Hello

 

We have two Mariadb 10.11.10 servers acting as Master and Replica.

 

Both have unique local databases, plus seven that are replicated from Master to Replica with Replicate_Wild_Do_Table: DB1Name.%, DB2Name.% etc

 

The size of the replicated databases is just over 1Tb, with the single largest being almost 500Gb. Both machines are in vmware and on the same network.

 

Yesterday, we hit an issue with the Master which required that vm to be restored to a backup four hours previously. This got Master back in play, but obviously has broken Replication.

 

Traditional wisdom seems to suggest that I need to recreate this replication setup from scratch - ie, stop Master (from changing, ie, close firewall and block clients, flush logs), note the Log Position, and then mysqldump each database.
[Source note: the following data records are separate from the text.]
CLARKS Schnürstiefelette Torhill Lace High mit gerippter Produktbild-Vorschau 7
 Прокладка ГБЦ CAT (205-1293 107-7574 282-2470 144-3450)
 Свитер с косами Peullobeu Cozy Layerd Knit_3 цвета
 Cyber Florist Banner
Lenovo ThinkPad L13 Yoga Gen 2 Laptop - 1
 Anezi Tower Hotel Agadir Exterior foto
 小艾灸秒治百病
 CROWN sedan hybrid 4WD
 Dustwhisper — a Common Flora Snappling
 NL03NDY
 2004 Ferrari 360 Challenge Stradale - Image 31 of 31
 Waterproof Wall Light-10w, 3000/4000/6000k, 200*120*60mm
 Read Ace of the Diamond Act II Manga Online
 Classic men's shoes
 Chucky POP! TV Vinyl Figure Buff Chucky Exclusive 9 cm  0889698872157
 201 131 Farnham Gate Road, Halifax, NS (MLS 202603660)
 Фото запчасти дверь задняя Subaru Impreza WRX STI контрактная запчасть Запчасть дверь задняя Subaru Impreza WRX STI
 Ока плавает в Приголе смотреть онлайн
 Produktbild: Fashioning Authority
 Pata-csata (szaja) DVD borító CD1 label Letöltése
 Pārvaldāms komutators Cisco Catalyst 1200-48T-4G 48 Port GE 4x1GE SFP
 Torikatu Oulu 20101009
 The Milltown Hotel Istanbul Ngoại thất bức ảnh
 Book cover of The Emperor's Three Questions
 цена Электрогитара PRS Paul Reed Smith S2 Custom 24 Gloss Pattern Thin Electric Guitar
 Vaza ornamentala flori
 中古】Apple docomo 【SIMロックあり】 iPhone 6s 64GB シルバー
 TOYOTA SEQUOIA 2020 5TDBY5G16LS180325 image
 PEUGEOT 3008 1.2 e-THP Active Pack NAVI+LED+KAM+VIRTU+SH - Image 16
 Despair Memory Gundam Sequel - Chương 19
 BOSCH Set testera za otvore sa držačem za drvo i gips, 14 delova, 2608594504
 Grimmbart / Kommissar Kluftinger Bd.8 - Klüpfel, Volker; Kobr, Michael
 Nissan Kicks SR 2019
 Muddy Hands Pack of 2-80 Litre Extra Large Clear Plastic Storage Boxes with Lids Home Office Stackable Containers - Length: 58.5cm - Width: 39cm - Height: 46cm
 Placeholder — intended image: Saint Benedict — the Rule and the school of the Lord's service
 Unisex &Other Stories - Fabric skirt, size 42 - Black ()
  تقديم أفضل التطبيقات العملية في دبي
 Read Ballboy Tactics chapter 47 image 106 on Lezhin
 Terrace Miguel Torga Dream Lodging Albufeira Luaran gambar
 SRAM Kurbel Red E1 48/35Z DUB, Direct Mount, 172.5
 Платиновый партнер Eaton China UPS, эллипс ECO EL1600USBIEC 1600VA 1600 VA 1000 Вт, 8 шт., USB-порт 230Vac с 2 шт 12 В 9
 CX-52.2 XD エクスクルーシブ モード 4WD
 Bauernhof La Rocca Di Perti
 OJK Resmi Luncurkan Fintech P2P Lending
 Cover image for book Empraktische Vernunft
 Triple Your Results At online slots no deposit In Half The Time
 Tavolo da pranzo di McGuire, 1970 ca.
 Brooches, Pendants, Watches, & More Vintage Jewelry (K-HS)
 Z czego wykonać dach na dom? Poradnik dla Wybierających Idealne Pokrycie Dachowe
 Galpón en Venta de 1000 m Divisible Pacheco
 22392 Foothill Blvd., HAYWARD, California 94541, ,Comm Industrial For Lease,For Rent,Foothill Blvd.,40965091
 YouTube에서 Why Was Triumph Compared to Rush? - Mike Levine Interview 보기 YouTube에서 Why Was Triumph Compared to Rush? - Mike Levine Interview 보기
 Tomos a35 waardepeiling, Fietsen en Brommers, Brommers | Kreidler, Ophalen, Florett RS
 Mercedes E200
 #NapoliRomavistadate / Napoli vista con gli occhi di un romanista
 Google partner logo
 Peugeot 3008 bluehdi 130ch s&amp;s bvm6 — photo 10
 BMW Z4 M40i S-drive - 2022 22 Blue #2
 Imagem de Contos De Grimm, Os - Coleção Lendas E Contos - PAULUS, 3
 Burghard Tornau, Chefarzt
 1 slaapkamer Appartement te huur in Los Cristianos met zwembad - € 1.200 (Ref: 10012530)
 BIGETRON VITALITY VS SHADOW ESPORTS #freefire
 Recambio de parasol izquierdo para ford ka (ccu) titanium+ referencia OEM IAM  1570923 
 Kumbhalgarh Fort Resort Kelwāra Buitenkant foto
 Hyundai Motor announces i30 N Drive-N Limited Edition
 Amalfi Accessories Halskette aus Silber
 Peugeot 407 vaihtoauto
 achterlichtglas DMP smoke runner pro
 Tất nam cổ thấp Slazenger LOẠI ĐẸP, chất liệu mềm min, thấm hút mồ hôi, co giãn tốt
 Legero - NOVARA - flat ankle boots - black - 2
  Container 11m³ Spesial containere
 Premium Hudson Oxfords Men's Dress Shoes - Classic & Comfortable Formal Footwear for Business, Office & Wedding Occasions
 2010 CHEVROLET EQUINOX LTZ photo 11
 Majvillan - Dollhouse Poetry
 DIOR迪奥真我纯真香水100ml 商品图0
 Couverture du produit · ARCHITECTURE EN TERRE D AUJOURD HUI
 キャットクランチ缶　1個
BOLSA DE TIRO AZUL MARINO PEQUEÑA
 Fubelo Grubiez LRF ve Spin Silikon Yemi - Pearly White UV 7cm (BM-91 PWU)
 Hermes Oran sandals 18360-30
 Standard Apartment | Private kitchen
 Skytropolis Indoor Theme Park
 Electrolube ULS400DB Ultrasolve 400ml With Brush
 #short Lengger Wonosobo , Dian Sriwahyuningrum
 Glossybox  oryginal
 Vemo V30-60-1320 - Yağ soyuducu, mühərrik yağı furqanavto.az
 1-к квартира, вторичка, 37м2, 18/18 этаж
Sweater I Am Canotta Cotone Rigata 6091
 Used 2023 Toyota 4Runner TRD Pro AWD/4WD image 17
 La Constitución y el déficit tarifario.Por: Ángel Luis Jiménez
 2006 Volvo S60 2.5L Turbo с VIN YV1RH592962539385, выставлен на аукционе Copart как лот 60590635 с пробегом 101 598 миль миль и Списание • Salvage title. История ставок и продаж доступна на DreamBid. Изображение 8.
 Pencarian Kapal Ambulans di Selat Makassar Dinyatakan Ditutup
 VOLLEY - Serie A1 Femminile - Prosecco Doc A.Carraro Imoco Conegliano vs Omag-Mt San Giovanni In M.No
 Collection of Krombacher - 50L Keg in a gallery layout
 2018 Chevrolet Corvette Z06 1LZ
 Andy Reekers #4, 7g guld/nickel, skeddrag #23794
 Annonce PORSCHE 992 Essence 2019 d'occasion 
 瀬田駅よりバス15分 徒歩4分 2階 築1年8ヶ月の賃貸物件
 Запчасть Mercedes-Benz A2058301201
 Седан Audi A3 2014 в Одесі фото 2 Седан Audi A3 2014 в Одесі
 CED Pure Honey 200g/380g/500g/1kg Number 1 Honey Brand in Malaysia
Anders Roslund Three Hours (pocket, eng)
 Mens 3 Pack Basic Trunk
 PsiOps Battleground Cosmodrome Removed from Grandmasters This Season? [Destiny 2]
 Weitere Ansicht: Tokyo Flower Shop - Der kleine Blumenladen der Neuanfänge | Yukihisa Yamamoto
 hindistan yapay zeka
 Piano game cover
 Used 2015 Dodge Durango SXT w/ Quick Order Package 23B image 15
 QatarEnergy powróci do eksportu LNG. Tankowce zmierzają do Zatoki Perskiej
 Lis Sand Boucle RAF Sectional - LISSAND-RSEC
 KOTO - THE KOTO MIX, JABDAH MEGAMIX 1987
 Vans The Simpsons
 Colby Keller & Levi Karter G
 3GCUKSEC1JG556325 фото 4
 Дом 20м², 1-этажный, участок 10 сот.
However, due to the size of these databases, that is going to take many hours and we can't accept that downtime for Master.

 

It's occurred to us that we might speed this up by:

 

    Stop Master from changing.

    Note Log Position.

    Clone Master's vm to Master-Clone. (< 10 minutes)

    Restart Master.

 

Then we would be at relative leisure to

[On Clone]
Mysqldump the databases onto a temporary drive.


[On Replica]
DROP the seven databases.

Import the dumped databases from the temporary drive.

Update the log position in config and restart the slave user.

 Then Replica should start syncing from Master again, even if Clone was several days old?

 

Does that sound sensible?

 

These databases have partitions – is that going to cause issues dumping and reimporting them or should I use another method?

 

Any pitfalls?

 

Any alternative ways?

 

Thank you